New Zealand is targeting in beautifully on the A$1 million Australian Oaks, but the reign of Mongolian Khan may be over.

Last season's Horse of the Year may be looking closely at the stallion barn after beating one horse home in Saturday's A$1.5 million BMW at Rosehill.

Co-trainer Murray Baker said from Sydney yesterday Mongolian Khan would undergo extensive veterinary tests tomorrow after which a decision would be made on his future.
It will either be retirement to stud or a last hurrah in the A$2 million Sydney Cup.
"He looks a million dollars," said Baker.

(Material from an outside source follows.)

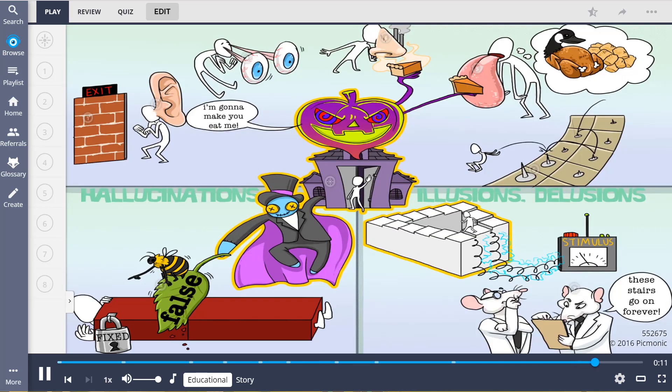So let's review. Hallucinations have no external stimulus and can be auditory, visual, olfactory, gustatory or tactile. Illusions involve a misinterpretation of a stimulus while delusions are fixed false beliefs.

Mongolian Khan drew barrier No6 in the BMW and somehow got parked four wide into the first bend.


He and Opie Bosson were then unable to get closer to the inside running rail than three deep and when a couple of horses improved around their outside at the 500m Bosson as good as sat up on the stallion and he drifted out.

Much better came from New Zealand fillies Valley Girl and Capella in the A$500,000 Vinery Stakes (2000m).

Valley Girl finished second, three-quarters of a length from surprise winner Single Gaze and Kathy O'Hara, and Capella finished fifth, 1.8 lengths from the winner.

Valley Girl and Hong Kong-based rider Brett Prebble copped a lovely run behind the leaders and drove through hard against the rail in the home straight.

That was her first Australian start and first serious test since the Derby at Ellerslie and should have her in great shape for the Oaks. Capella was caught wide and did extremely well to finish as close as she did. With a better run she should be in contention in the Oaks on Saturday week.

The postscript to the BMW was winning rider Hugh Bowman being fined for excessive use of the whip under Australia's controversial new rules which prevent jockeys using the whip more than five times before the final 100m.

Bowman was found guilty of using the whip seven times in his brilliant ride to slide forward on Preferment from the 800m and beat stablemate Who Shot Thebarman by half a neck.

In admitting his guilt, Bowman was unhappy and asked acting chief steward Greg Randolph: "Why is the rule in place?"

"We're not going into the philosophicals of the rule," the Sydney Morning Herald reported Randolph as saying.

Bowman responded: "I know I breached the rule, but I haven't used it too much. I know it's a big race."

And surely that's the point.

Bowman, a magnificent competitor, went out there to win the race, his main obligation being to Preferment's owners.

He did what he had to do to win and is such a great horseman he would not thrash an animal.

It makes that new rule a joke.

It would be impossible to hear a jockey come in from being beaten a nose in a Melbourne Cup and saying: "If only I could have hit the horse one more time."

You do what you have to do to win a race. And, you don't think Preferment's owners will be paying his fine? You'd like to be betting on it.

They picked up close to A$1 million for the win.

The no-more-than-five rule might be fine for a 1000m sprinter, but for stayers it's a different matter.

Preferment is a rugged type by Zabeel and the sort of horse than needs encouragement.
He will go forward, but needs a forceful rider.

Bowman knew exactly what he had to do.